Currently supported variable and secrets implementations:

The main driver is to use component level configuration objects, if stored in a "namespaced" manner e.g. in AWS ParamStore as /nonprod/component-service-a/configVar, however this is not a requirement and the param name can be whatever. Though whilst using some sort of a organised manner it will be more straight forward to allow other services to consume certain secrets/params based on resource/access policies.

Beware size limitation with certain config/vault implementations. In which case it's best to split certain items up e.g. TLS certs /nonprod/component-service-a/pub-cert, /nonprod/component-service-a/private-cert, /nonprod/component-service-a/chain1-cert, etc...

Where configVar can be either a parseable string 'som3#!S$CRet' or a number 3306 or a parseable single level JSON object like {host: ..., pass: ...., port: ...} which can be returned whole or accessed via a key separator for a specific value.

Use cases

  • Go API

    This can be leveraged from any application written in Go - on start up or at runtime. Secrets/Config items can be retrieved in "bulk" and parsed into a provided type, see here for examples.

    BREAKING CHANGE v2.x with the API (see examples)

    • generator.NewConfig() is no longer required.

      // initialise new configmanager instance
      cm := configmanager.New(context.TODO())
      // add additional config to apply on your tokens
      cm.Config.WithTokenSeparator("://")
      pm, err := cm.Retrieve([]string{"IMPLEMENTATION://token1", "IMPLEMENTATION://token2", "ANOTHER_IMPL://token1"})
      
    • RetrieveUnmarshalledFromYaml|RetrieveUnmarshalledFromJson|RetrieveMarshalledJson|RetrieveMarshalledYaml methods are now on the ConfigManager struct, see exampleRetrieveYamlMarshalled or exampleRetrieveYamlUnmarshalled in examples

  • Kubernetes

    Avoid storing overly large configmaps and especially using secrets objects to store actual secrets e.g. DB passwords, 3rd party API creds, etc... By only storing a config file or a script containing only the tokens e.g. AWSSECRETS#/$ENV/service/db-config it can be git committed without writing numerous shell scripts, only storing either some interpolation vars like $ENV in a configmap or the entire configmanager token for smaller use cases.

  • VMs

    VM deployments can function in a similar manner by passing in the contents or a path to the source config and the output path so that app at startup time can consume it.

CLI

ConfigManager comes packaged as a CLI for all major platforms, to see download/installation

For more detailed usage you can run -h with each subcommand and additional info can be found here

Token Config

The token is made up of the following parts:

An example token would look like this

AWSSECRETS#/path/to/my/key|lookup.Inside.Object[meta=data]
Implementation indicator

The AWSSECRETS the strategy identifier to choose the correct provider at runtime.
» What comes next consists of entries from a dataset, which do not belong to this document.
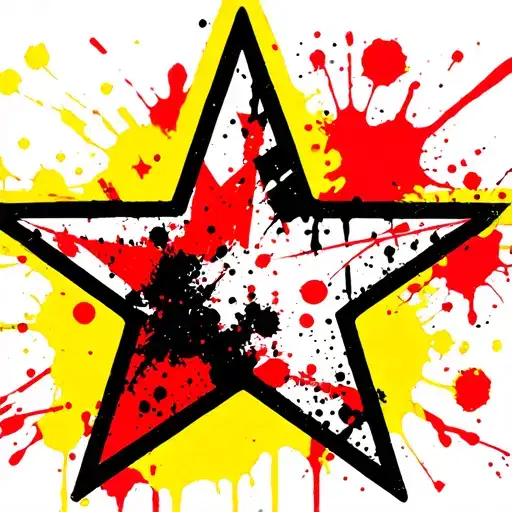Star splatter painted tattoo design idea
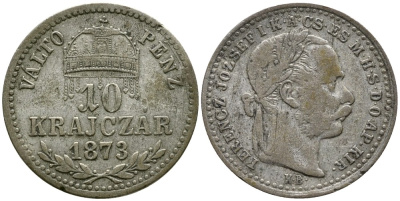 Венгрия 10 крейцеров 1873 КВ, Франц Иосиф I  (1848-1916) KM 451.1 серебро 4532-126
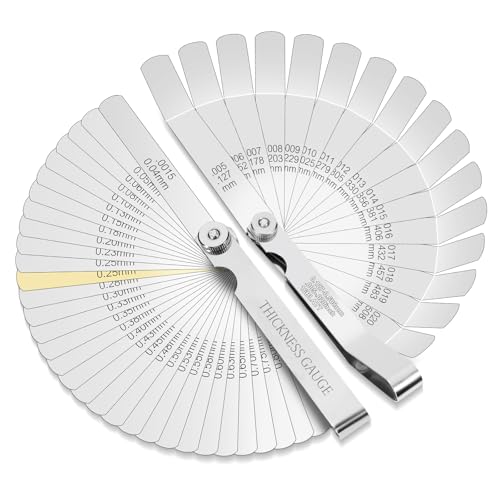 2Pcs Feeler Gauge Set,Premium Straight & Angled Feeler Gauges Kit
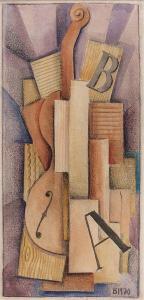 RUSSIAN SCHOOL,Composition cubiste au violon,1920,Tradart Deauville FR 2012-03-25
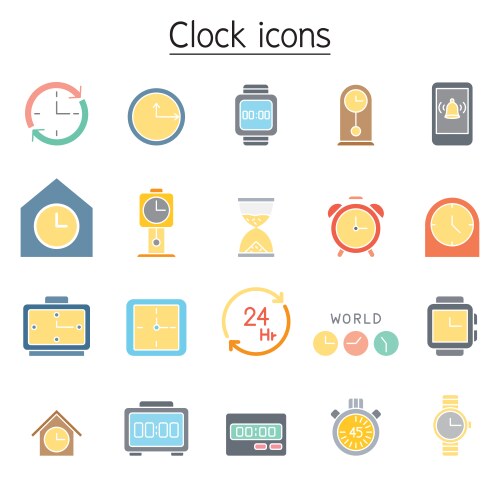 Clock watch stopwatch icon set in flat color style vector image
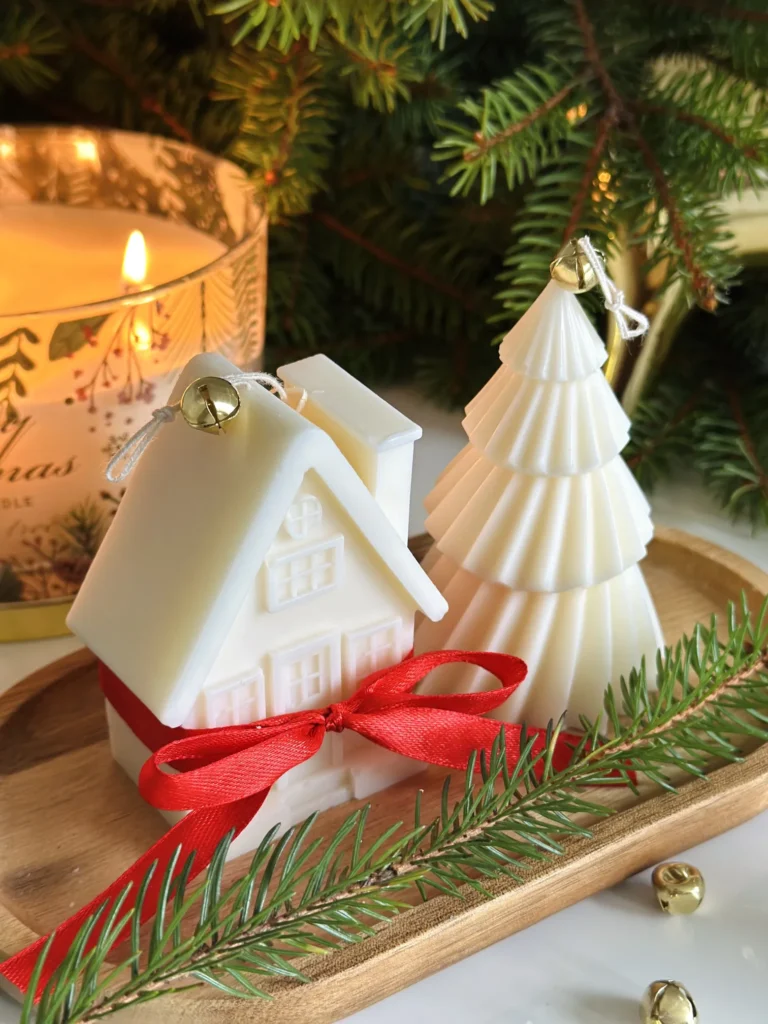 Zestaw świąteczny 2 świec sojowych – domek i choinka M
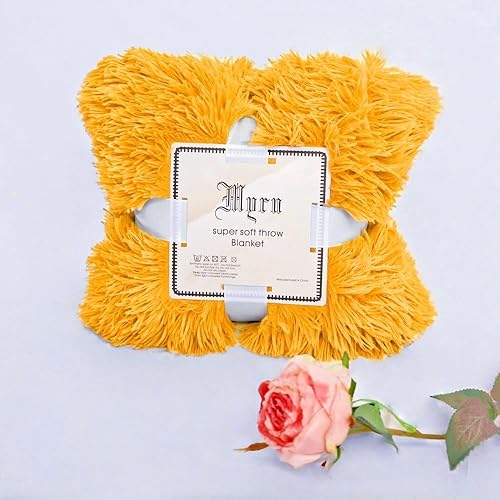 Miniatura 8 de Qulit - Manta de felpa súper suave, funda de sofá de piel peluda y cálida, acogedora manta para sofá para invierno (63 x 79 pulgadas, amarillo)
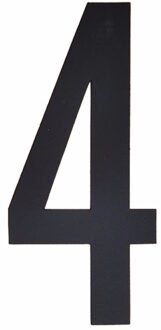 Hobby cijfers stickers - cijfer 4 - zwart - 10 cm - Huisvuil container - brievenbus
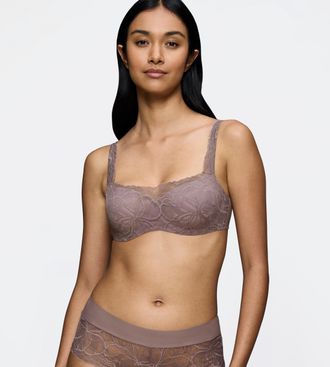 Triumph Balconette-BH TRIUMPH Body Make-Up Illusion Lace, Damen, Gr. 70, Cup D, grau (pigeon grau), Microtouch, Obermaterial: 51% Polyamid, 37% Polyester, 12%
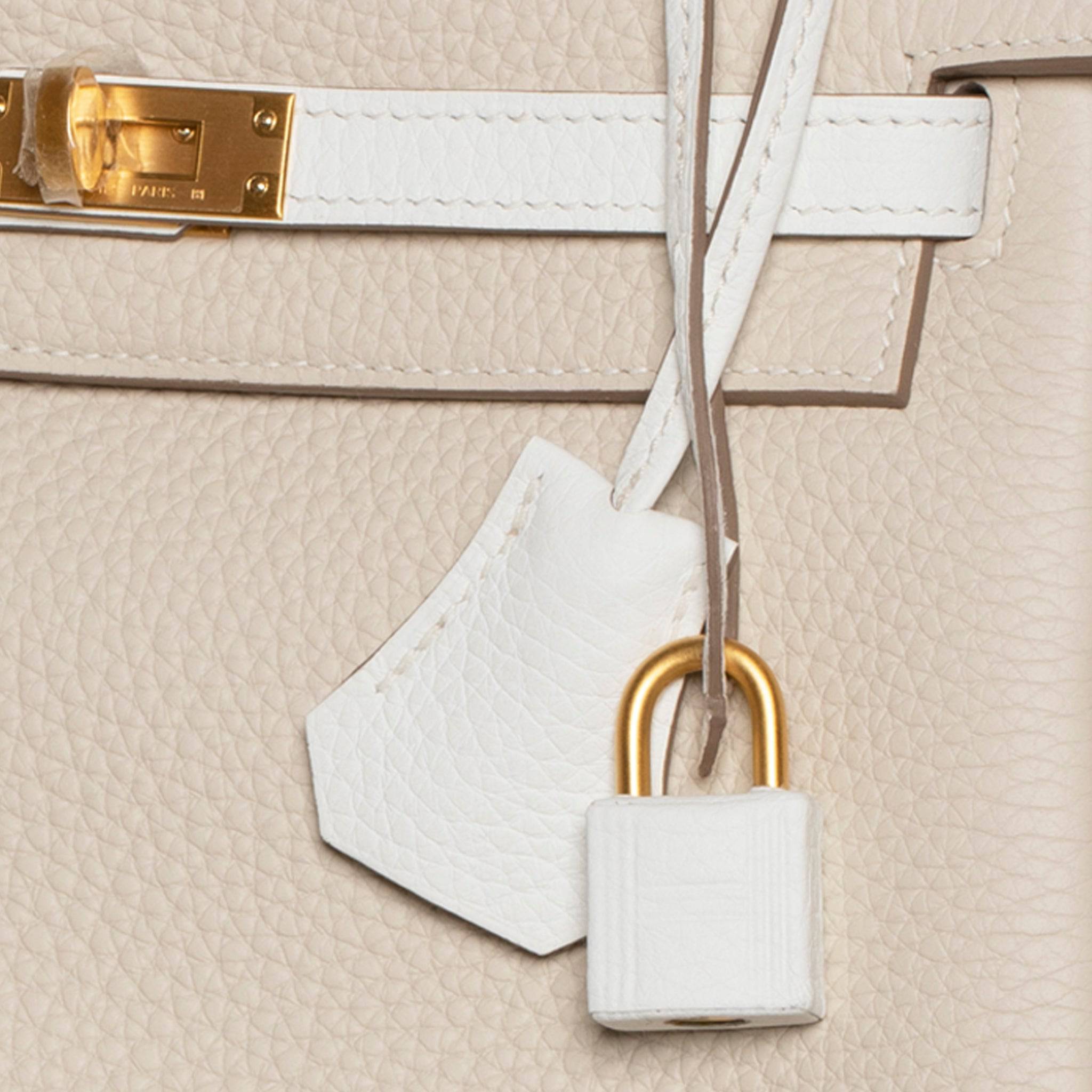 HERMES KELLY 25CM SPECIAL ORDER WHITE & CRAIE CLEMENCE LEATHER BRUSHED GOLD HARDWARE - On Repeat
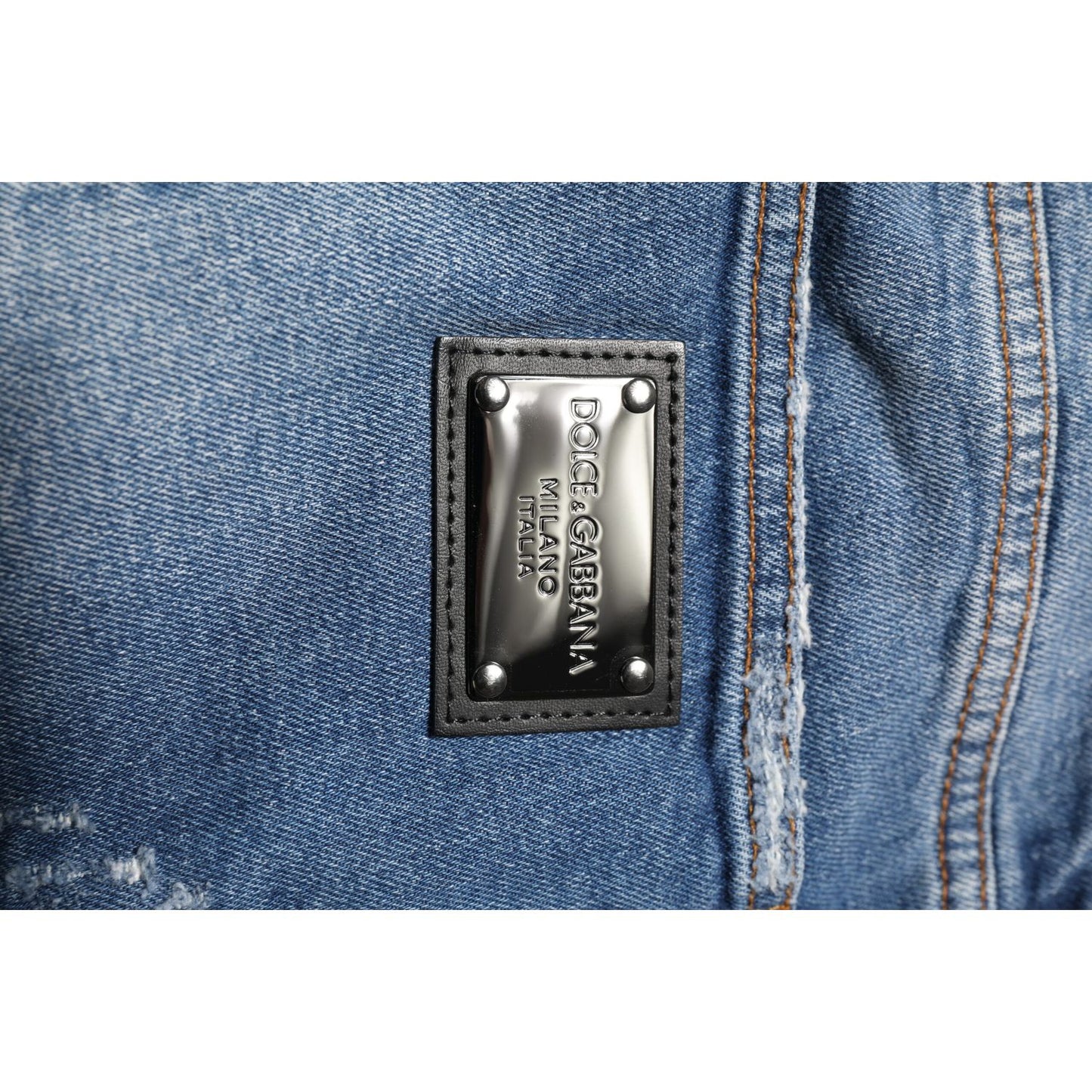 Dolce & Gabbana Blue Washed Cotton Logo Plaque Denim Jeans
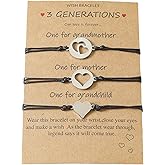YALLNASL Grandma Mother Daughter Gifts Bracelet for 3 Generations Gift Bracelets Set Matching Bracelet for Grandma Mom Granddaughter Mothers Day Birthday Gifts 3 Heart Bracelets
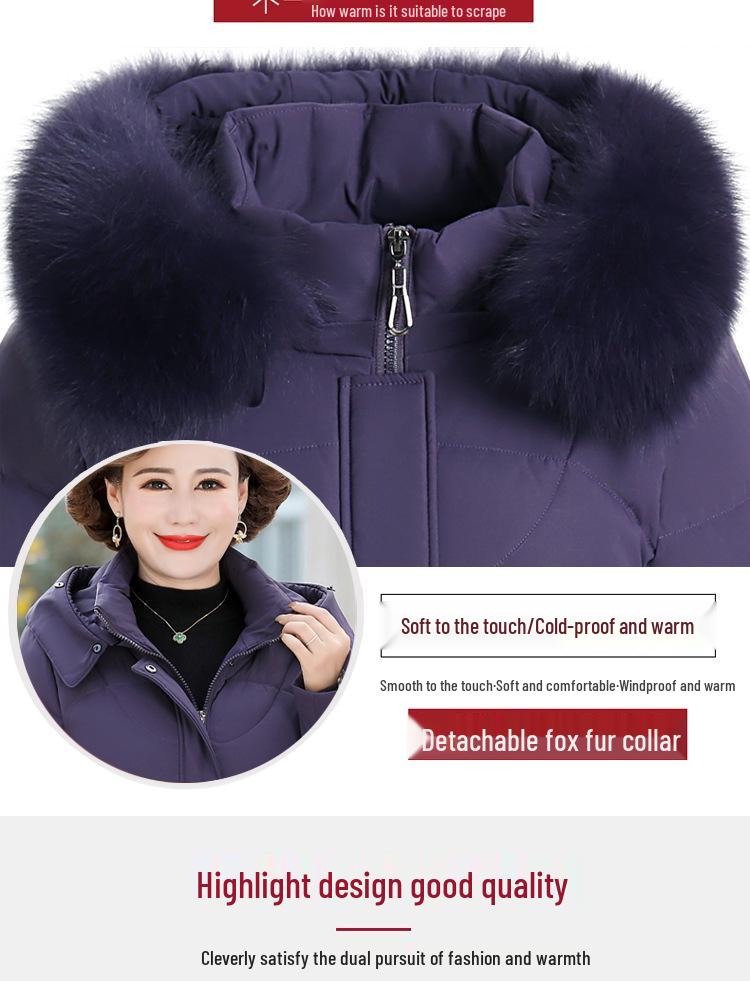 Dámská extra silná odepínací péřová bunda - Teplé zimní svrchní oblečení pro mámy středního věku, Dostupné ve větších velikostech, Peří z bílé kachny.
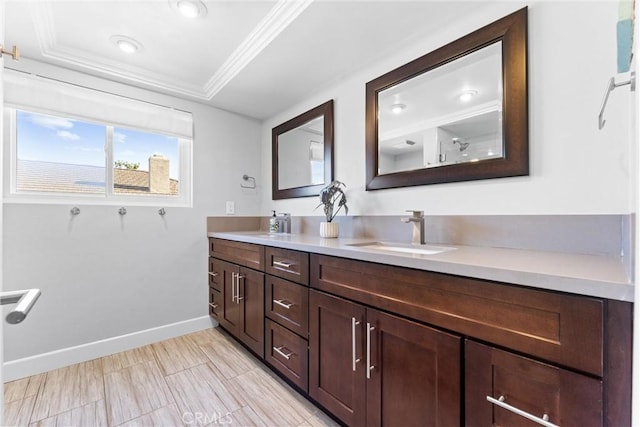 1780 N Mockingbird Pl, Orange, CA 92867 - full bath featuring double vanity, crown molding, and a raised ceiling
Multiple providers can be referenced in a single run via a CLI or with the API.

This is not overrideable and must be exactly as it is in the provided list of providers.

Token Separator

The # symbol from the example token - used for separating the implementation indicator and the look up value.

The default is currently # - it will change to :// to allow for a more natural reading of the "token". you can achieve this behaviour now by either specifying the -s to the CLI or ConfigManager Go API.

cnf := generator.NewConfig().WithTokenSeparator("://")
Provider Secret/Config Path

The /path/to/my/key part from the example token is the actual path to the item in the backing store.

See the different special considerations per provider as it different providers will require different implementations.

Key Separator

THIS IS OPTIONAL

The | symbol from the example token is used to specify the key seperator.

If an item retrieved from a store is JSON parseable map it can be interrogated for further properties inside.

Look up key

THIS IS OPTIONAL

The lookup.Inside.Object from the example token is used to perform a lookup inside the retrieved item IF it is parseable into a map[string]any structure.

Given the below response from a backing store

{
	"lookup": {
		"Inside": {
			"Object": {
				"host": "db.internal",
				"port": 3306,
				"pass": "sUp3$ecr3T!",
			}
		}
	}
}

The value returned for the example token would be:

{
	"host": "db.internal",
	"port": 3306,
	"pass": "sUp3$ecr3T!",
}

See examples of working with files for more details.

Token Metadata Config

The [meta=data] from the example token - is the optional metadata about the target in the backing provider

IT must have this format [key=value] - IT IS OPTIONAL

The key and value would be provider specific. Meaning that different providers support different config, these values CAN be safely omitted configmanager would just use the defaults where applicable or not specify the additional

  • Hashicorp Vault (VAULT)

    • iam_role - would be the value of an IAM role ARN to use with AWSClient Authentication.
    • version - is the version of the secret/configitem to get (should be in an integer format)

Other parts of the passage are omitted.